§ REQUIRED WORK: Reproduce the material below only from the line with "a multicolored beaded" to the line with "men in uniform", both included, keeping each line exact and dropping the pictures.
::::::::::
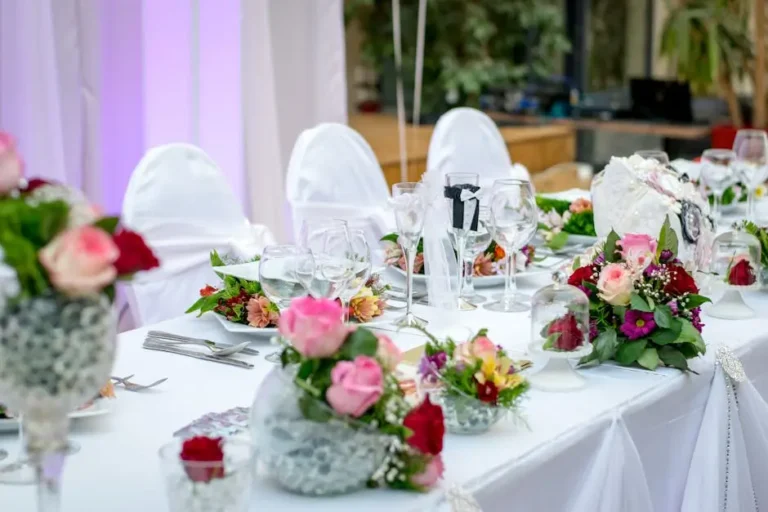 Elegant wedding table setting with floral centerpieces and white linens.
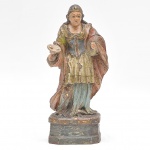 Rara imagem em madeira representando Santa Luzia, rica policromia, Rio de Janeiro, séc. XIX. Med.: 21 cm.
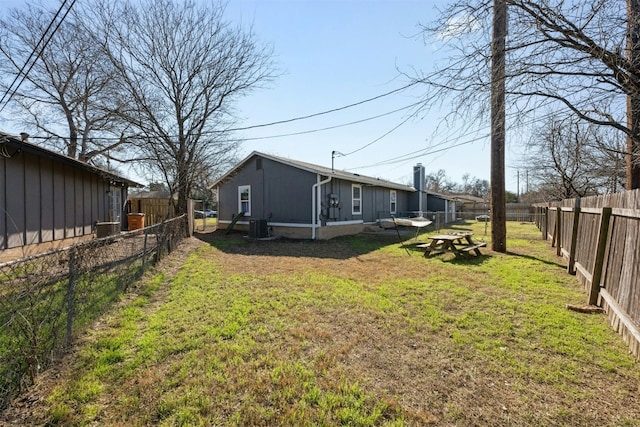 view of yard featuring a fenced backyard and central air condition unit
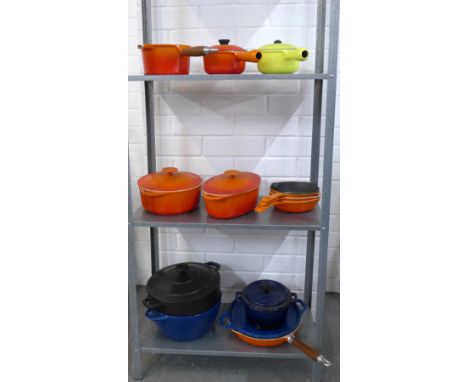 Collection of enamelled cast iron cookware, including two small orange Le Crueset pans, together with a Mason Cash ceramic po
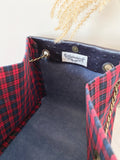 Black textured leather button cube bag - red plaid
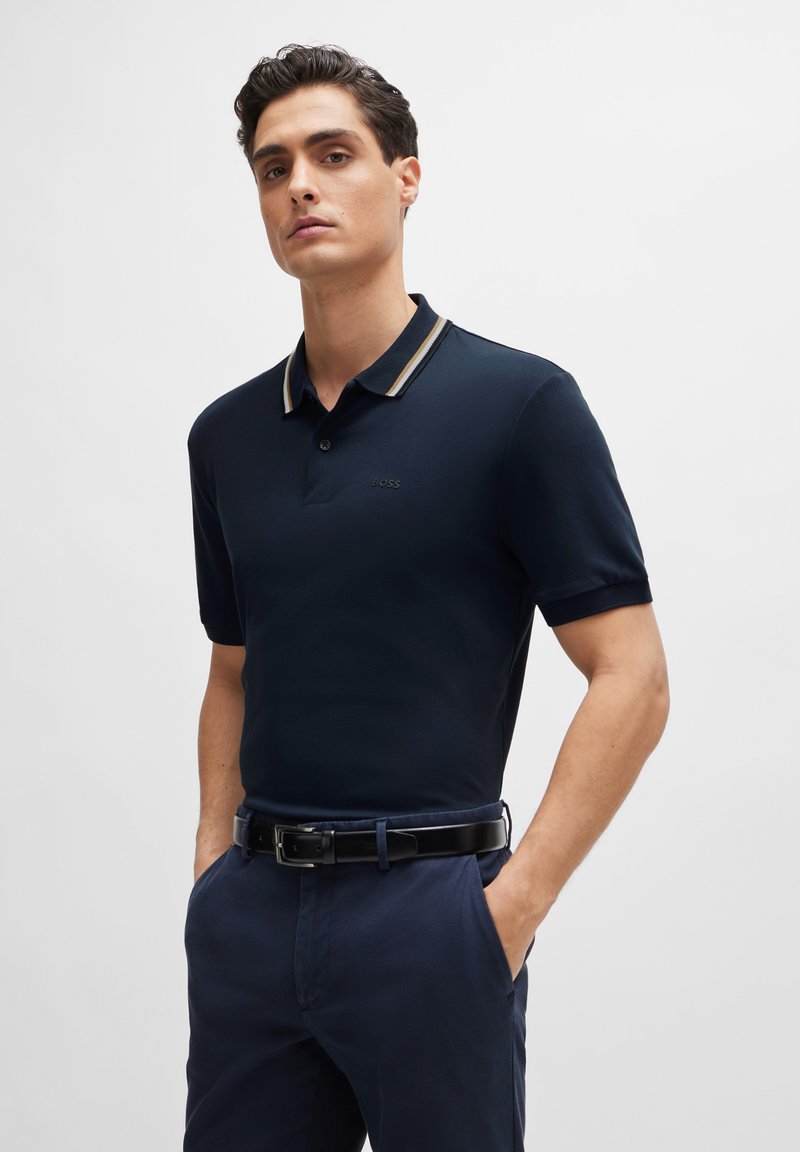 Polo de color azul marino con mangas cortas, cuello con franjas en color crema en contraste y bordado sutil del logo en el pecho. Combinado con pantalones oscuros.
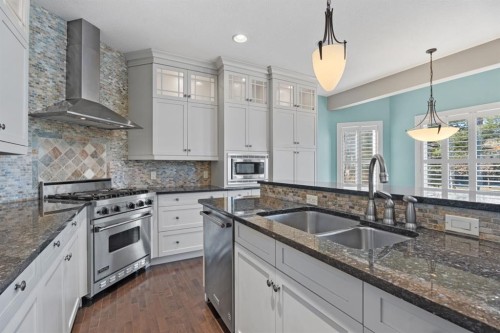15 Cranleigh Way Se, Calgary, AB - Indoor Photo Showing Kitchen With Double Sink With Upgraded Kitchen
::::::::::
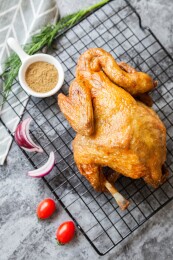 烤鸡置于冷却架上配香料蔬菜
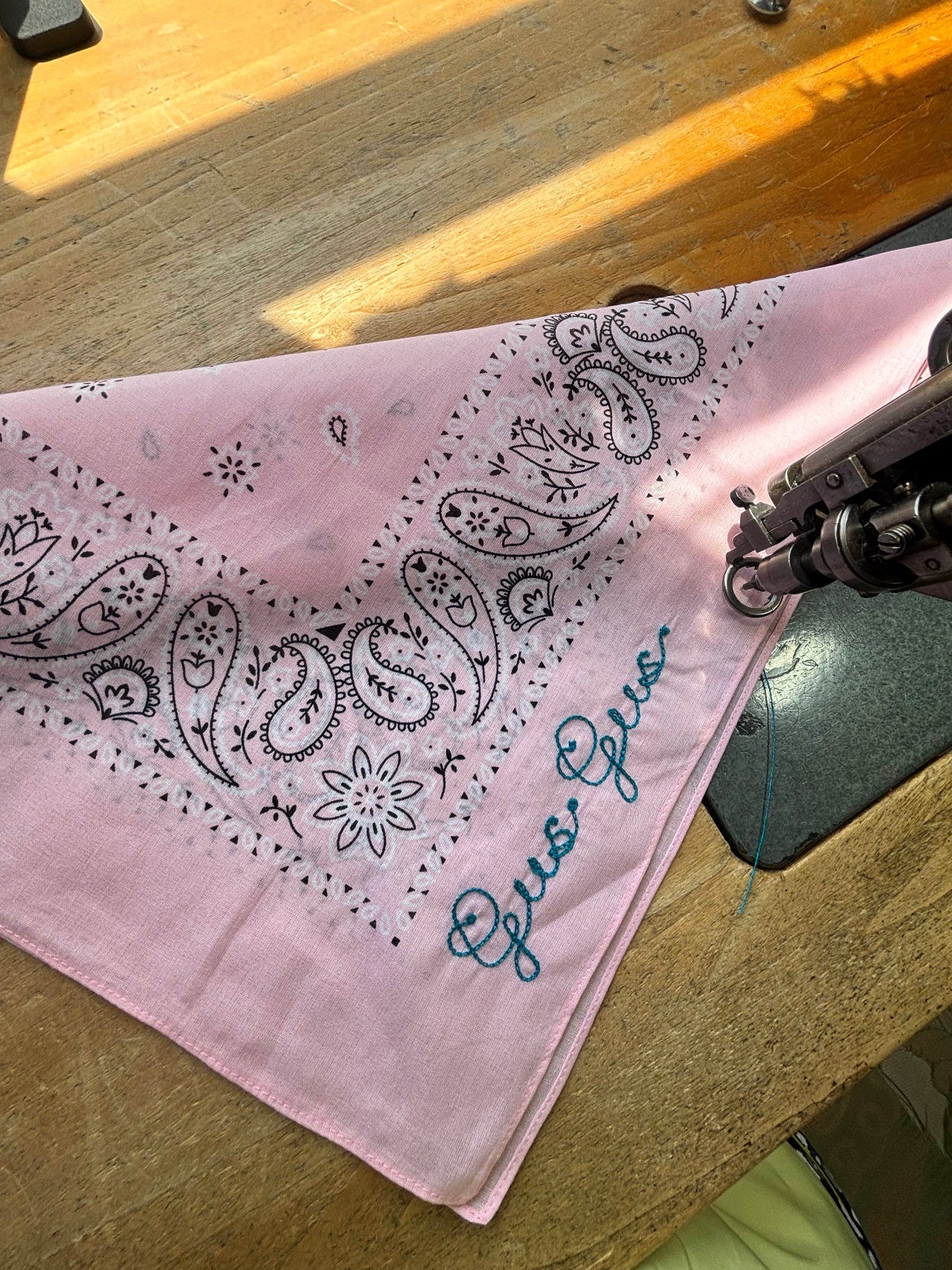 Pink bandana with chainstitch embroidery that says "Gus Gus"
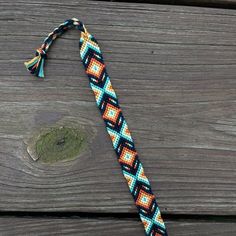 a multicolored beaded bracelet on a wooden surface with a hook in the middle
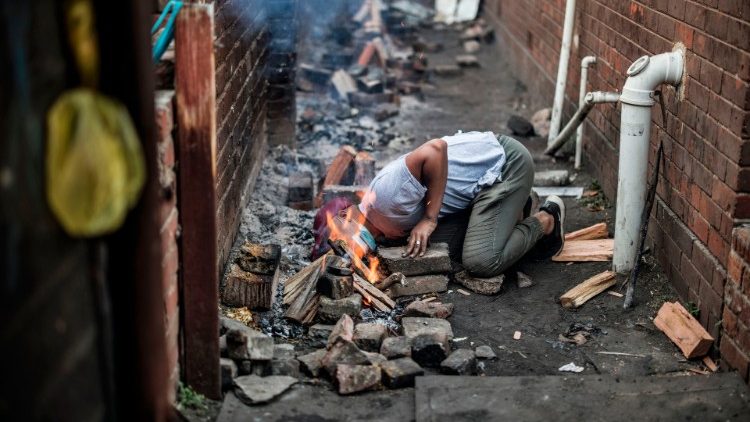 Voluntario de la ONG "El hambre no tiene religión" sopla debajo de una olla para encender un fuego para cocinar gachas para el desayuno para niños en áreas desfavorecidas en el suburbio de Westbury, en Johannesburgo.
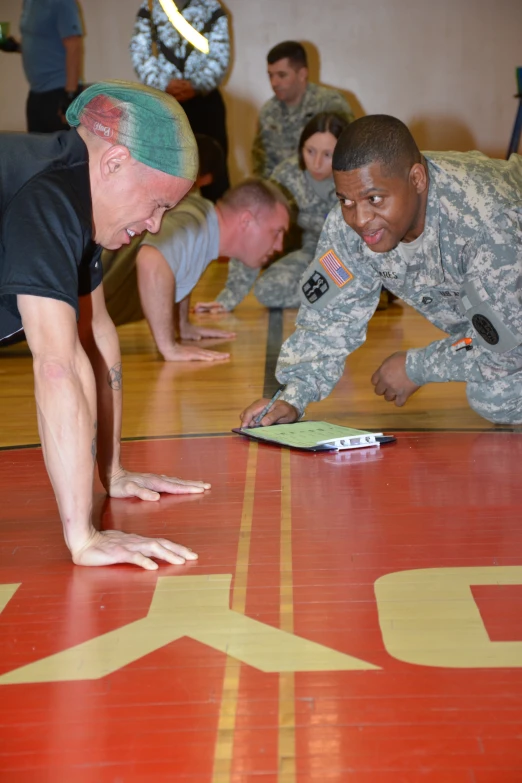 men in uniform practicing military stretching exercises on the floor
::::::::::
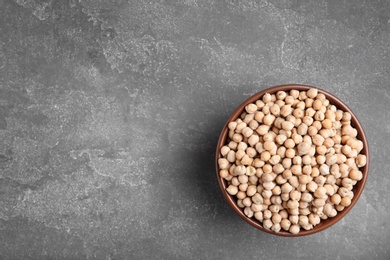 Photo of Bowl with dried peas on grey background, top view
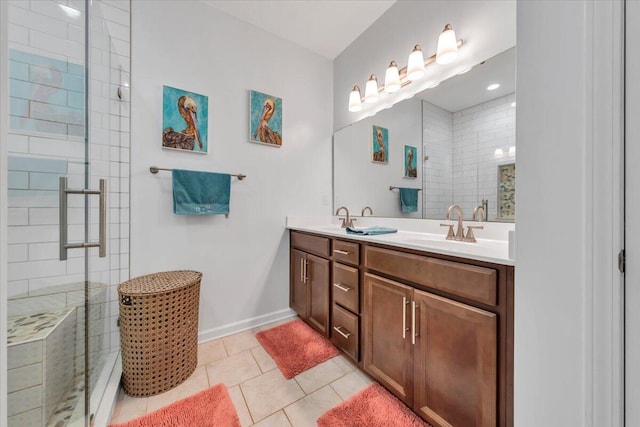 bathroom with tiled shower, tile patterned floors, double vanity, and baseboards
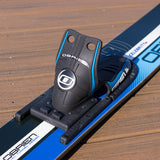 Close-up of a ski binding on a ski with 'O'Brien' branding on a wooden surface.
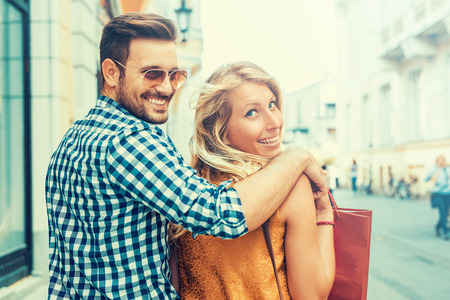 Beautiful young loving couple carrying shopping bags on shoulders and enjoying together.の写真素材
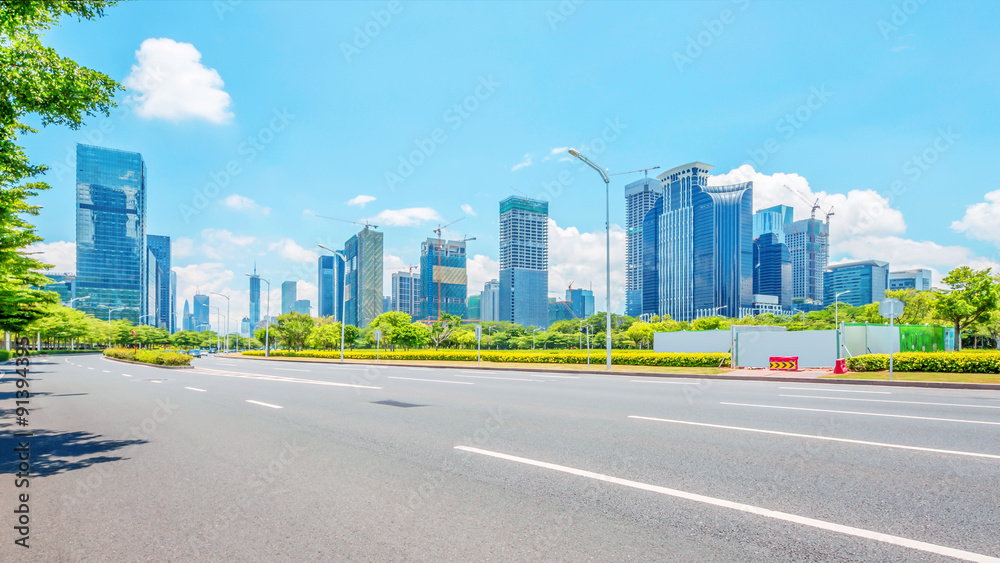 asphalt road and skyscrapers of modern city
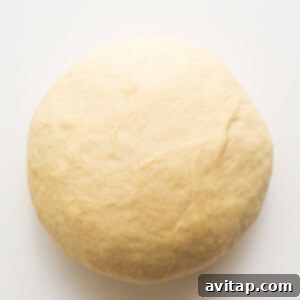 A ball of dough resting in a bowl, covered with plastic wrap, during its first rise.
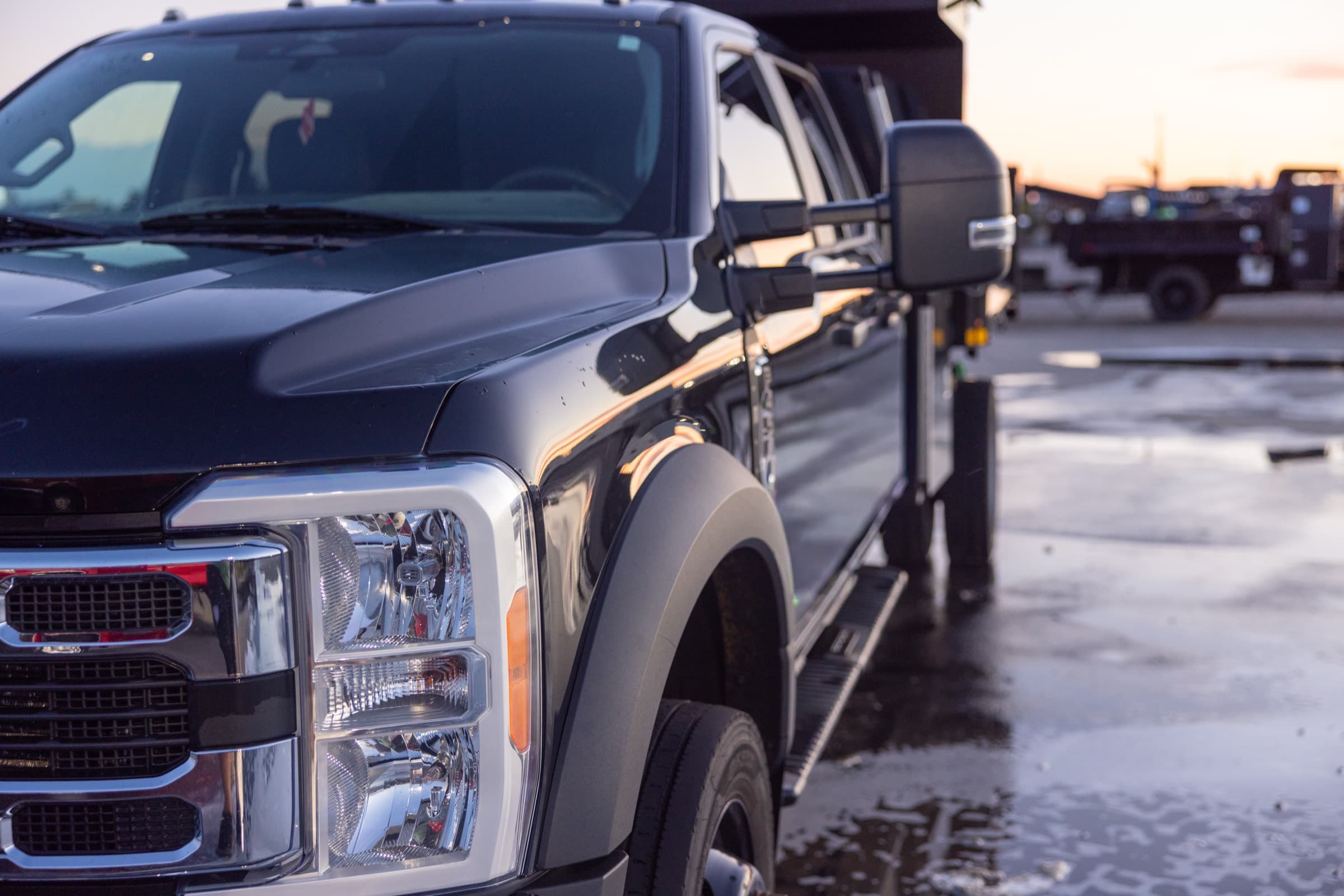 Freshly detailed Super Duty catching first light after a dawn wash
::::::::::
§ ANSWER BELOW:
 a multicolored beaded bracelet on a wooden surface with a hook in the middle
 Voluntario de la ONG "El hambre no tiene religión" sopla debajo de una olla para encender un fuego para cocinar gachas para el desayuno para niños en áreas desfavorecidas en el suburbio de Westbury, en Johannesburgo.
 men in uniform practicing military stretching exercises on the floor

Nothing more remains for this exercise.